Some spark of boldness, some cinder-worm of arrogance, lit within me as I stood in that Hell before the creature that called itself Angelo Straniero. This, I remember thinking, is the Devil, and deals can be made with him as they cannot be with God. For what loyalty have I to a God who gave me the desire to be an architect, the ambition, the pride, yet left no space in my fate for the realisation of that desire, the answer to that pride? What love could such a God have for the insect Man? And if I cannot have the love of God, shall I not then welcome the damnation of His Adversary?
"Straniero," I said, "I have all my life longed to be an architect."
"And you see before you, Piranesi, your work realised in stone. It will stand for eternity."
"But," I said, "in the world, among men — tell me, shall I ever achieve my desire, even once?"
Straniero paced a little away from me.
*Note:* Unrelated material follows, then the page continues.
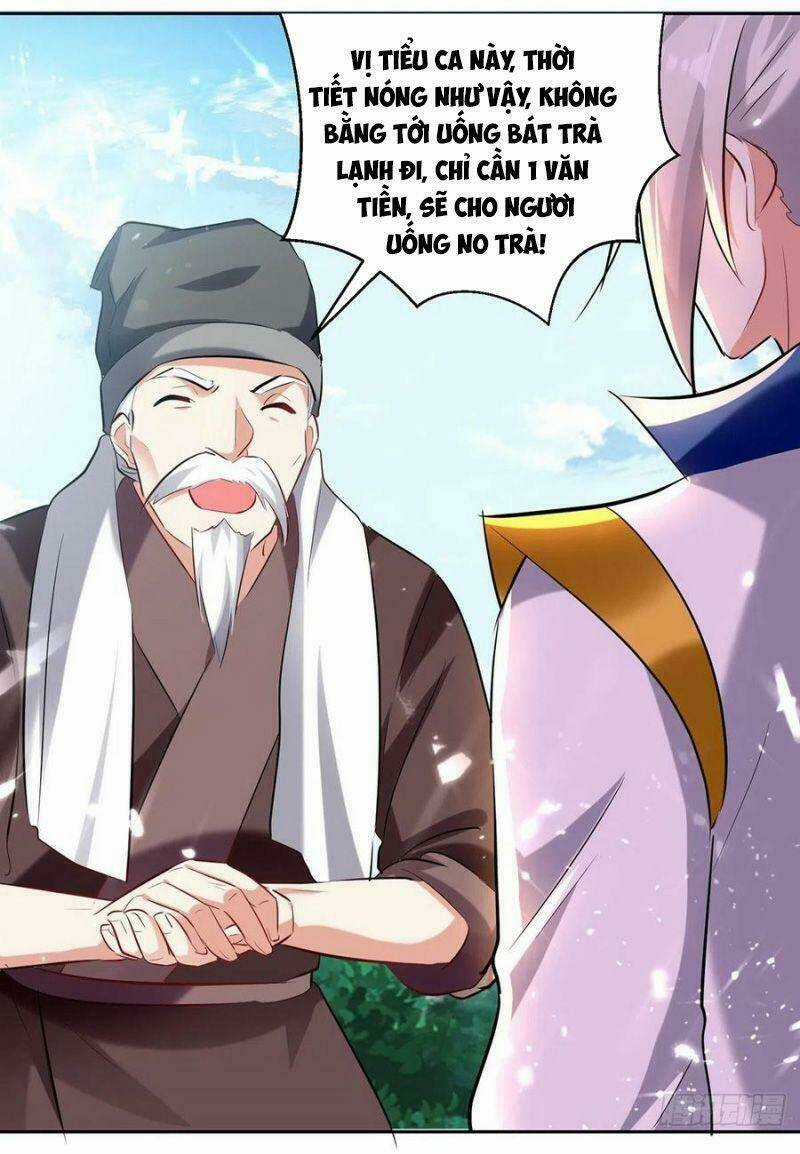 Lăng Thiên Thần Đế - Chapter 126 - Trang 21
When he turned, his face was half in shadow, as if he were melting into the thing he truly was. "In your life, Piranesi, you will only ever have a hand in your final resting place."
My present commission, the renovation of the Church of Santa Maria Aventina, was placed in my hands by Pope Clement XIII. (I note that number, which Straniero so liked.) The work I do will earn me the title Knight of the Papal States, as well as a place, when I die, within that venerable temple's crypt.
My final resting place. Is this what Straniero meant?
No. The renovation, though prestigious in its way, is not a true architectural project. I am merely building upon another's work, bringing back from ruination another's time-crumbled vision. In my life, I have designed but one project that achieved realisation, and it will be my final resting place. Not of my mortal remains, but of my eternal. As promised, I will wander the galleries and walkways of a nightmare I once had, a vision I once scratched, in fevered lines, upon large sheets of paper, and etched on printer's plates. Will I, then, feel satisfied that I have achieved my dream, my desire as an architect? Perhaps eternity will teach me to forget the disappointments of this life, and accept the fulfilment I have been offered. Perhaps this much I will have.
Recently I have set to work again on the plates of my Carceri, prior to reissuing them through my own press. I do not have the thirteen I gave to Straniero, but they are not needed. I added two more, intending to add others, but soon realised it was not the breadth and variety of view that was lacking in those drawings of twenty years ago. The essence of what I witnessed on that fevered night is present enough in the original work. All that is required is a little more solidity. Having seen the thing in reality, having felt the weight of its stone, its darkness, I find myself returning to those original drawings and scoring over the once-light lines again and again, making them solid, making them heavy, making them dark.
It is what I saw. It is what I knew. It is what I will know throughout my lone and endless damnation.